Additional parameters' explanations:

  • Temperature:

  • Purpose: Temperature parameter affects the diversity of generated text.

  • Explanation: Higher temperature values (greater than 1.0) increase the randomness of text generation, making the output more diverse. Lower temperature values (less than 1.0) reduce randomness, resulting in more deterministic and consistent text.

  • Example: A higher temperature (e.g., 0.9) might generate different outputs, including less common words or phrases, while a lower temperature (e.g., 0.2) might produce more common and predictable text.

  • Top_p (Top probability):

  • Purpose: Controls the probability distribution of words in generated text.

  • Explanation: The top_p parameter represents the highest probability words considered by the model when generating text. It dynamically selects words with cumulative probabilities less than or equal to top_p to generate text, helping to avoid generating unreasonable or irrelevant text.

  • Example: Setting top_p to 0.95 makes the model consider only the top 95% of words with the highest cumulative probabilities, enhancing the coherence and rationality of the text.

  • Repetition Penalty:

  • Purpose: Controls the extent of punishment for repeated words in generated text.

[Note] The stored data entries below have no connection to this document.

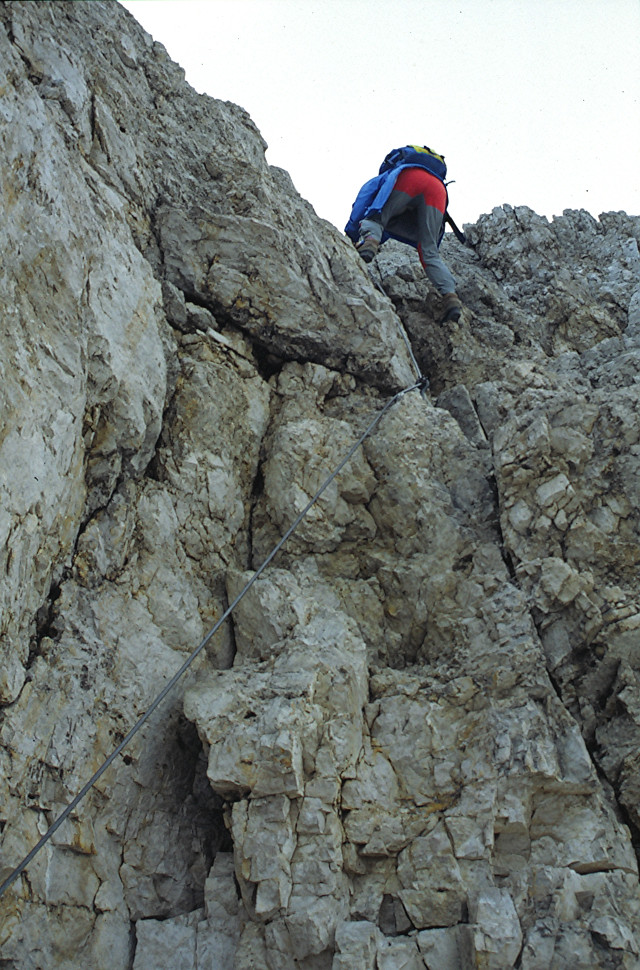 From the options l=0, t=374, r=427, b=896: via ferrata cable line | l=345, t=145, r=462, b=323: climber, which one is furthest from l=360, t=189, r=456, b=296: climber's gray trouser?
l=0, t=374, r=427, b=896: via ferrata cable line

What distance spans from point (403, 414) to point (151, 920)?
5757mm

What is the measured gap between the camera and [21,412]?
486 cm

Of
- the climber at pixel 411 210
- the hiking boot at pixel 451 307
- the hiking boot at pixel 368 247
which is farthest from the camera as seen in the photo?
the climber at pixel 411 210

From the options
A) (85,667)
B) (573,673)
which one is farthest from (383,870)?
(85,667)

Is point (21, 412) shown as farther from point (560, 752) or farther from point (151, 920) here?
point (560, 752)

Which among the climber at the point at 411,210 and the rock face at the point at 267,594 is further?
the climber at the point at 411,210

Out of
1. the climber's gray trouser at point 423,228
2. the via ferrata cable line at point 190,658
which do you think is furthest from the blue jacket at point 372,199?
the via ferrata cable line at point 190,658

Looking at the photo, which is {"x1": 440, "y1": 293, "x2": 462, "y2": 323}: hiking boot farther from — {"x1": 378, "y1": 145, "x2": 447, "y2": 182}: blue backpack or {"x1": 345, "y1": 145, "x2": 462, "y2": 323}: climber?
{"x1": 378, "y1": 145, "x2": 447, "y2": 182}: blue backpack

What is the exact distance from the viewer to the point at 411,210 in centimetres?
1047

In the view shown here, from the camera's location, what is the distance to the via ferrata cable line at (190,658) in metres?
4.31

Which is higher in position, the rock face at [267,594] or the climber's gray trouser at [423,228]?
the climber's gray trouser at [423,228]

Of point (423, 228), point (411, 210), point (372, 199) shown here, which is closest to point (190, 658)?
point (423, 228)

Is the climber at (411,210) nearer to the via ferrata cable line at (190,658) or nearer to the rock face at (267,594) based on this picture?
the rock face at (267,594)

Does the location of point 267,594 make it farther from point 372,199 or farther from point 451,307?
point 372,199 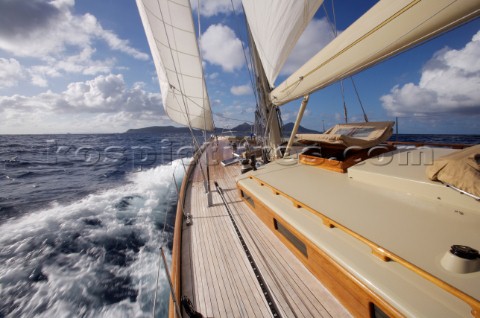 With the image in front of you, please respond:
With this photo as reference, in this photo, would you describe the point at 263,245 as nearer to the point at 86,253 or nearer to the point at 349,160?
the point at 349,160

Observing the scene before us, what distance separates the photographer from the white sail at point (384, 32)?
1755 millimetres

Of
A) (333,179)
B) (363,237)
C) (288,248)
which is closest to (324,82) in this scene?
(333,179)

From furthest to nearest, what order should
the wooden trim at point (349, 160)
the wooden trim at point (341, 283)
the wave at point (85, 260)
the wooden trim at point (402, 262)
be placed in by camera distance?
the wooden trim at point (349, 160) → the wave at point (85, 260) → the wooden trim at point (341, 283) → the wooden trim at point (402, 262)

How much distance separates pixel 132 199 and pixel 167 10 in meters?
7.56

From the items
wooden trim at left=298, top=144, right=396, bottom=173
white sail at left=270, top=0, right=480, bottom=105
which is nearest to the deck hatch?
wooden trim at left=298, top=144, right=396, bottom=173

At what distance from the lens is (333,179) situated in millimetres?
3953

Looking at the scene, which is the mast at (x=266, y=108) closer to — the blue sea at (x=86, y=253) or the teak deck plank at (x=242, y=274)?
the teak deck plank at (x=242, y=274)

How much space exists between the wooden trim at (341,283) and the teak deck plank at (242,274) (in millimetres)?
139

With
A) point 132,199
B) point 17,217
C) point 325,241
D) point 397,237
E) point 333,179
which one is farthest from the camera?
point 132,199

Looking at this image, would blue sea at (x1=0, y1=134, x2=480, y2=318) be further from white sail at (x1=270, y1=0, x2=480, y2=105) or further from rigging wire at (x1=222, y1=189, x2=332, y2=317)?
white sail at (x1=270, y1=0, x2=480, y2=105)

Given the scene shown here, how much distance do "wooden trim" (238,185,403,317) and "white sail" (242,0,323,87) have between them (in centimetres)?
377

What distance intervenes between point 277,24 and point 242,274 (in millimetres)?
4748

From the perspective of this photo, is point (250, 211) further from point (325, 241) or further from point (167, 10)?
point (167, 10)

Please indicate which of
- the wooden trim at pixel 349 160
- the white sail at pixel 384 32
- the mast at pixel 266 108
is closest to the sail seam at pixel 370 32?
the white sail at pixel 384 32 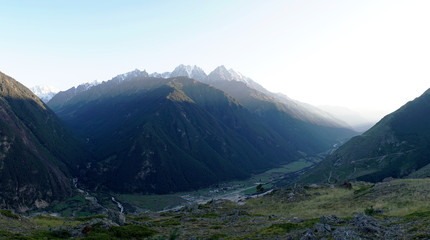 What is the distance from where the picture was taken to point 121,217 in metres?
61.4

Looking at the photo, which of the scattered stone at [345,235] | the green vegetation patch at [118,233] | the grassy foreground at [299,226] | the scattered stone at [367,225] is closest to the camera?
the scattered stone at [345,235]

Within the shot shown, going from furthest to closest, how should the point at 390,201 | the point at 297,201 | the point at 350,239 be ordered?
the point at 297,201 → the point at 390,201 → the point at 350,239

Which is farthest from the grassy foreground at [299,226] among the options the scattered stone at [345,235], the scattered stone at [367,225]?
the scattered stone at [345,235]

  • Explanation: The repetition_penalty parameter is used to reduce repeated words in generated text. Higher values (greater than 1.0) increase the penalty, encouraging more diverse text. Lower values (less than 1.0) reduce the penalty, allowing some word repetition in the text.

  • Example: Setting repetition_penalty to 1.2 reduces the frequency of repeated words in the generated text, increasing text diversity.

  • Top_k (Top words):

  • Purpose: Limits the number of words considered in generated text.

  • Explanation: The top_k parameter specifies that the model will only consider the top k words with the highest probabilities in the distribution, ignoring other words. This can be used to restrict the vocabulary diversity and complexity in generated text.

  • Example: Setting top_k to 50 makes the model consider only the top 50 words with the highest probabilities, ignoring other words.

  • Truncate (Length truncation):

  • Purpose: Limits the length of generated text.

  • Explanation: The truncate parameter restricts the total length of generated text. If the generated text exceeds the specified truncation length, the model truncates the text to ensure it doesn't become too long.

  • Example: Setting truncate to 1000 ensures that the total length of the generated text does not exceed 1000 tokens (such as words or subwords).

  • Max_new_tokens (Maximum new tokens):

  • Purpose: Limits the number of newly generated tokens in the text.

  • Explanation: The max_new_tokens parameter is used to control the number of newly generated tokens in the text, ensuring that the generated text does not become overly long. It is typically used to manage the text's length.

  • Example: Setting max_new_tokens to 1024 limits the number of newly generated tokens in the text to no more than 1024.